To Emma, hoever, Nina—a successful painter, her own daughter nearly grown—is a saviour, always turning up at the right time, offering Emma exactly what she needs, providing a glimpse of the world outside, of the life she’d like to have. Nina is a respite from the drudgery of a schedule Emma describes as full of tasks all both so urgent and tedious, breaking the day into useless pieces, rendering the whole thing as just scraps. But why is Nina so interested in her? It’s a nagging question, but one that Emma pushes to the back of her mind, which is already overwhelmed by lack of sleep, stress, financial worries, marital strife, and general ennui. She’s so vulnerable, which Nina recognizes instantly, and realizes she can prey on.
Which makes Her so compelling, so beyond those other narratives which tire me whose only virtue is their honesty, is that the truths revealed about new motherhood are just the starting point. From here, Lane has created a psychological thriller so convincing in its reality, so ominous in its mundanity, so sippy-cup sinister in a manner I last recall reading in Emily Perkins’ excellent 2008 book, A Novel About My Wife.
Nina gets closer and closer to Emma, welcomed into her home, caring for her children, and while we know along she has nefarious intentions—presented in the alternating chapters which, like Emma’s, are written in first-person—we don’t know why she’s out to exact revenge from Emma, who doesn’t remember her at all. We don’t know either which form her revenge will take, though as the novel progresses, indicators emerge, signs and signals that are so terrifying, all hurtling towards the novel’s very end, which is completely and utterly devastating. Not to mention amazing. But don’t say I didn’t warn you.

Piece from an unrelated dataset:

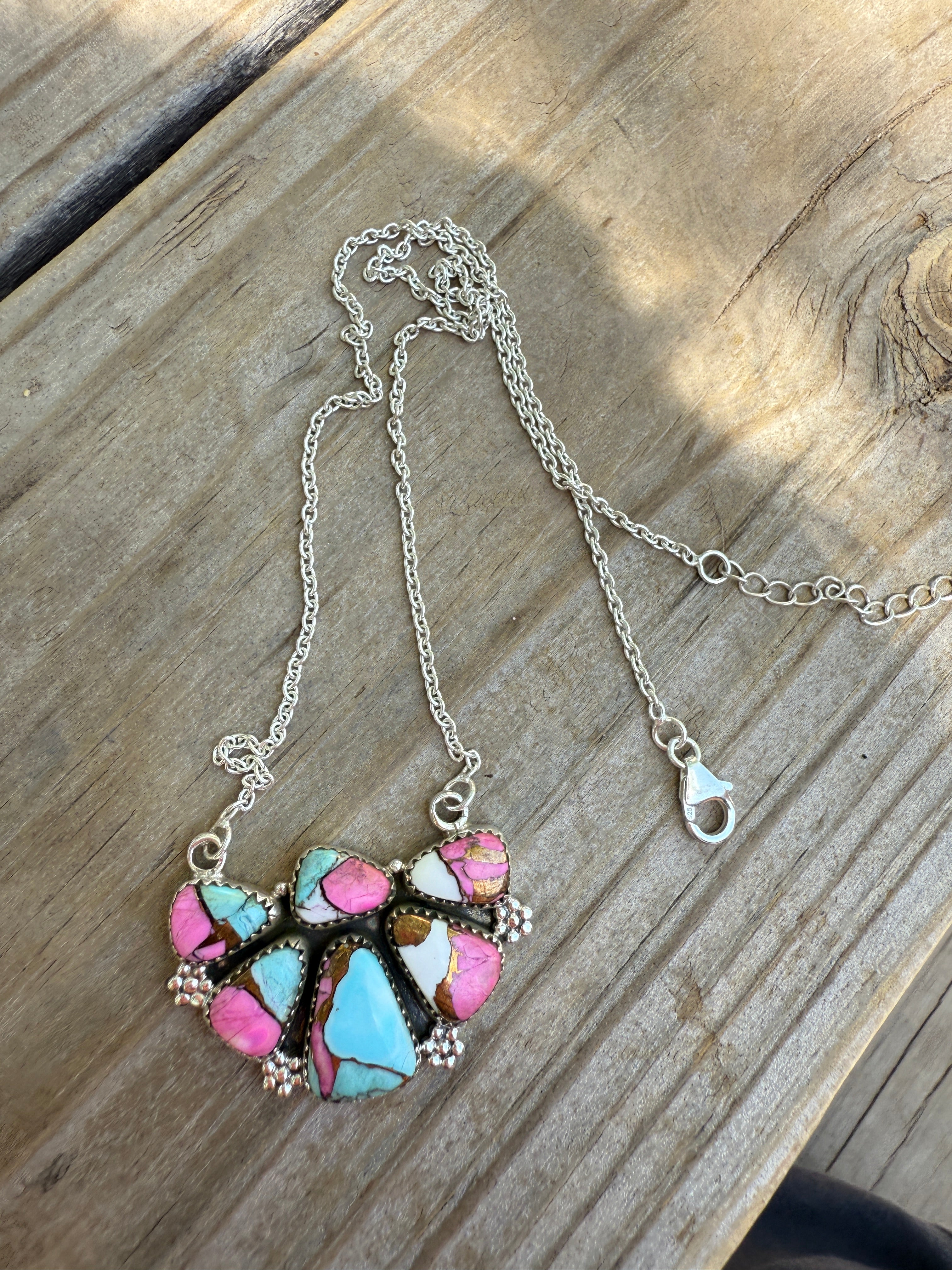 Handmade Cotton Candy Sterling Silver Crescent Necklace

It’s a page-turner, but the reader will be slowed by Lane’s prose, the pitch-perfect imagery and descriptions, which are to be savoured. By the nuance too, suggesting the motherhood (and everything) is a many-sided reality after all. And the reader will be chilled by Lane’s suggestion that danger lurks even in the safest of places, that the most heightened maternal vigilance might never be enough.
January 11, 2015
The Devil You Know by Elisabeth de Mariaffi
The stakes were high for Elisabeth de Mariaffi’s The Devil You Know. On Wednesday morning, I walked 2km at -25 degrees to get a copy, because I’d been hearing such good things about it and it seemed like exactly the kind of book you want to hang out with curled up warm while the blizzard howls. A mystery, a thriller, a book set in Southern Ontario during the 1980s and early ’90s, during which a series of young girls were kidnapped and sometimes found murdered, otherwise their faces depicted on posters for years afterwards under the heading, “Missing.” Years later, “aged-enhanced” images of these children would be updated, but we’d still recognize them. I’ve noticed that reviewers have been responding to the book personally, viscerally. There’s a whole generation of us haunted by these missing girls—I could plot my own history by theirs, from Nicole Morin to Alicia Ross. (I was too young to know about the disappearance and murder of Sharin’ Morningstar Keenan in 1983, though she was taken the very playground where my children play.)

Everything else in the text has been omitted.